Her death at a young age has not only deprived the theatre-going
public of the joys of seeing her in older roles, but also probably
denied her the widespread public recognition she deserved and which
often comes late in life.
For many people, her face will be most familiar from her work on
television, particularly in Hanif Kureishi's The Buddha of Suburbia and
particularly as policewoman Kate Phillips in Chandler & Co. Given her
classical theatre background, she was a natural for The Jewel In The
Crown and the BBC adpatation of Jane Austen's Persuasion. The same
casting turn of mind gave her roles in the films Heat and Dust and White
Mischief, but she was equally at home in The Krays or, particularly,
Andrei Tarkovsky's The Sacrifice.
But it was as a stage actress with the Royal Shakespeare Company and
the National Theatre that Fleetwood will be most fondly remembered by
colleagues and fans. Born in St Andrews in 1944, she was the daughter of
an Army family and the family moved around a great deal, including a
pre-Suez stint in Egypt (where she made her stage debut in a children's
show), and a period in Norway where her father had a Nato job and she
appeared as Joseph in a school production of the biblical story.
The itinerant lifestyle has been noted to foster restless artists and
while her brother Mick went on to form the most successful blues band of
the period, Fleetwood Mac, Susan Fleetwood was sent to a convent school
after failing her 11-plus and from there won a scholarship to the Royal
Academy of Dramatic Arts at the age of 16.

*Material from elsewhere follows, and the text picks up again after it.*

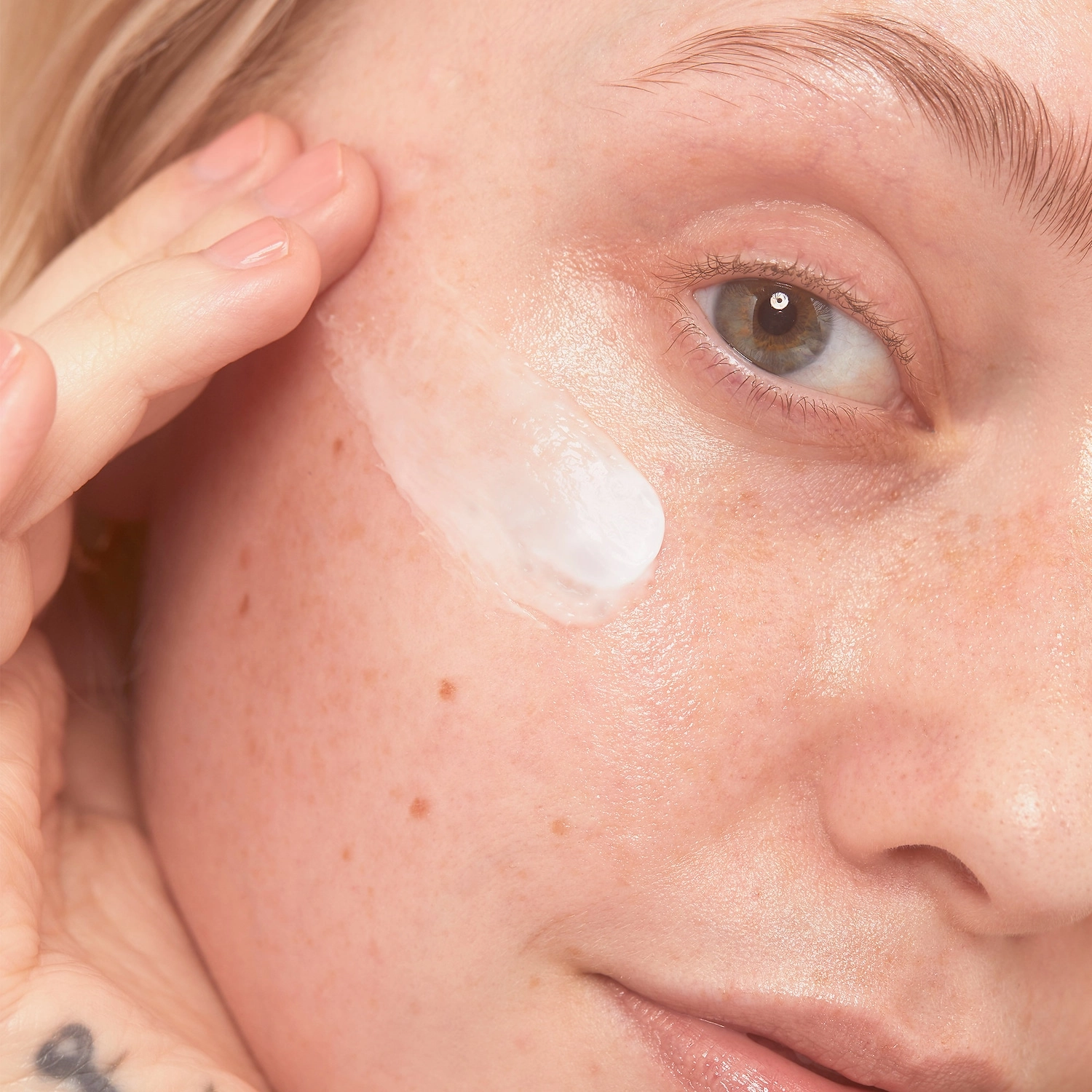 Herbivore Pink Cloud Soft Moisture Cream 1.7 oz/50 mL Hydrating Plumping Normal Skin - Image 5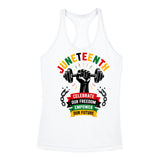 Juneteenth  - Celebrate Our Freedom Empower Our Future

At college she met Terry Hands, who was to be her partner for nine
years and important influence on her life, and began Shakespearian
career, playing Lady Macbeth, and Rosalind in As You Like It on tour in
Tuscon and Phoenix, Arizona. Hands was Orlando. Back in Britain the pair
were part of a group who established the Everyman Theatre in Liverpool,
with a classical repertoire which would be familiar to fans of the
Citizens' in the 1980s and Fleetwood both acting and adminstrating the
company.
Three years later she and Hands went to the RSC and apart from
sojourns with the Prospect and Cambridge Theatre Companies, she remained
there for 10 years. Only a year after her arrival her interpretation of
the role of Regan in King Lear insured that everything she did
subsequently was eagerly noted. In the early seventies her performance
as Portia in The Merchant of Venice, succeeding Judy Dench, a
controversial scene where she simulated orgasm in Hands's production of
Murder in the Cathedral, and her Katherine in The Taming Of The Shrew,
opposite Alan Bates, rewarded the attention.
At the National (which she joined after Peter Hall succeeded Laurence
Olivier) she was the only English actor -- in the central role of Pegeen
Mike -- in an all-Irish production of The Playboy of the Western World.
There was Irish blood on both sides of her family, certainly, but she
repeated the solo trick as Nora in O'Casey's The Plough and the Stars a
few years later. In between she was Ophelia to Albert Finney's Hamlet, a
role she had also played memorably opposite Ian McKellen with the
Cambridge Theatre Company.
With that company she had also played Nina in the Seagull, and in the
nineties she played Arkadina in the same play at Stratford, a
performance described in The Herald as ''consummate -- beautiful,
passionate, assured, yet with an underlying, driven restlessness''. Her
performance in Much Ado About Nothing from the same season was ''a
deliciously frolicsome Beatrice, executing little kicks and leaps of
delight to express her joy in life''.
Despite her extrovert nature in theatrical company, Susan Fleetwood
remained a solitary person and she never married although her life
included several long relationships.